At last we can present the recording of our “art song” offering based on Jakob Stein’s poem “Sefiros” (both published in our Winter 2015 issue). Contributor and musician Claudia Monpere offers her informed and sensitive response to playing Ellen Ruth Harrison’s score.
Claudia Monpere: I love the fusion of music and poetry, but I’ve never been involved in a collaboration of the two arts. After reading the winter 2015 issue of The Cincinnati Review, I sit at the piano and play Ellen Ruth Harrison’s score of Jakob Stein’s poem “Sefiros.” Oh, what a haunting and lovely composition of a deeply moving poem. Since the parts for both violin and soprano are in the treble clef, I experiment, playing the soprano part an octave higher, then trying the violin section an octave lower. I experiment further, sometimes singing the words, other times reading them silently as I play.

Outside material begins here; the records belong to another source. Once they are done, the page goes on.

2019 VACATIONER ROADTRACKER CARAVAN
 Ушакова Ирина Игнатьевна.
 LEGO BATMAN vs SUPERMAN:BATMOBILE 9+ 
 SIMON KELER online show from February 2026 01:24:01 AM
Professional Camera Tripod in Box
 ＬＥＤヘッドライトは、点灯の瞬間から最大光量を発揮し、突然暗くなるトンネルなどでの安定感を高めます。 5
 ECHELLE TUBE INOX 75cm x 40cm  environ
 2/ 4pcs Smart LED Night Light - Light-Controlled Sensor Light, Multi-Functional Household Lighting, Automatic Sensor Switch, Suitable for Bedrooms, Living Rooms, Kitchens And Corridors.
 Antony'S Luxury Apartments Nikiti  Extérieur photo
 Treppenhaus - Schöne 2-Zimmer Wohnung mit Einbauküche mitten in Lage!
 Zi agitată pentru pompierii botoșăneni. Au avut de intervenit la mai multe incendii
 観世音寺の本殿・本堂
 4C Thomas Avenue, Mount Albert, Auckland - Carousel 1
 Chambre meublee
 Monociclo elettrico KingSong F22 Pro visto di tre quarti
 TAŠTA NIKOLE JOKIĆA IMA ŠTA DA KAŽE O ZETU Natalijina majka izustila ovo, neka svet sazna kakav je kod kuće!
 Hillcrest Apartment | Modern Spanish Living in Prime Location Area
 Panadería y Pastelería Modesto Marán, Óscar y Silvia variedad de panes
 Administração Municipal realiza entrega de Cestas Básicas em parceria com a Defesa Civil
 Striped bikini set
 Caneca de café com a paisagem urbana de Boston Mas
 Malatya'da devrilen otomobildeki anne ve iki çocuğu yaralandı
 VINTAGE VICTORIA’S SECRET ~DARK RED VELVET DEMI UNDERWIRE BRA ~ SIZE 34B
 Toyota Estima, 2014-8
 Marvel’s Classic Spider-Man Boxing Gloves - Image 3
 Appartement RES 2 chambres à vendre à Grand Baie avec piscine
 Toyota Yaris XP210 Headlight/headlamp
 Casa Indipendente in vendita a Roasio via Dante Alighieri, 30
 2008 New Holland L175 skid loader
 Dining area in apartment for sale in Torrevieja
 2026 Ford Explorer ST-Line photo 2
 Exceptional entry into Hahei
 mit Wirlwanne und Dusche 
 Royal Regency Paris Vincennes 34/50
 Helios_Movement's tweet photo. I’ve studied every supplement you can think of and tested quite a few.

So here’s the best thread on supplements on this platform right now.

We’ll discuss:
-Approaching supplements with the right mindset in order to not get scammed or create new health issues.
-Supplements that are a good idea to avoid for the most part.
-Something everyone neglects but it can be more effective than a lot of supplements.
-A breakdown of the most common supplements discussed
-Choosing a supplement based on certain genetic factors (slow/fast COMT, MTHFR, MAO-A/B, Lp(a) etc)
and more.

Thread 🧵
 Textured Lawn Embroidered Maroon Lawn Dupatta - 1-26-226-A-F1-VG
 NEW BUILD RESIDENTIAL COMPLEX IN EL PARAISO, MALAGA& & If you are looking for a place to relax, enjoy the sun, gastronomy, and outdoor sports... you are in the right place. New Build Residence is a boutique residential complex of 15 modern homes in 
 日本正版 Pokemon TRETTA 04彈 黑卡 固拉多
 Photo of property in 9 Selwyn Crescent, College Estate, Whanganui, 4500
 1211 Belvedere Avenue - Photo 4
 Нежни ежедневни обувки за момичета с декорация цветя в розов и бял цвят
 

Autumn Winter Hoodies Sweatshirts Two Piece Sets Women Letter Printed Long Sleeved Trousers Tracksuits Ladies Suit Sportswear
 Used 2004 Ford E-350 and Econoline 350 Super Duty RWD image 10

The key of A minor is perfect for this elegy, and the music enhances the poem’s emotional intensity. Holocaust images of fire, bones, and ash are juxtaposed with private loss. As my left hand plays the frequent sequences of triplets, the keys accumulate waterfalls of grief. There are no full chords in this piece. Instead, there are double-stops which heighten the mournful quality. I play slowly, very slowly—“In every abandoned chamber of names charred limbs & leaves read by black flame”—until the tempo quickens and the music turns discordant: “bone-known and written in skeletal verse.”
Stein’s language is replete with consonance and assonance. Harrison’s score lingers on some words and phrases, intensifying the music in the language. With those searing final images: “black plume, bottomless chasm, blazing gate,” my right hand strikes the high A hard—forte—a tied note holding on, gripping through another waterfall triplet,falling downward while the left hand fades—pianissimo. Then the final double-stop of D and A, a long tie, echoes of loss, eons of loss. Silence.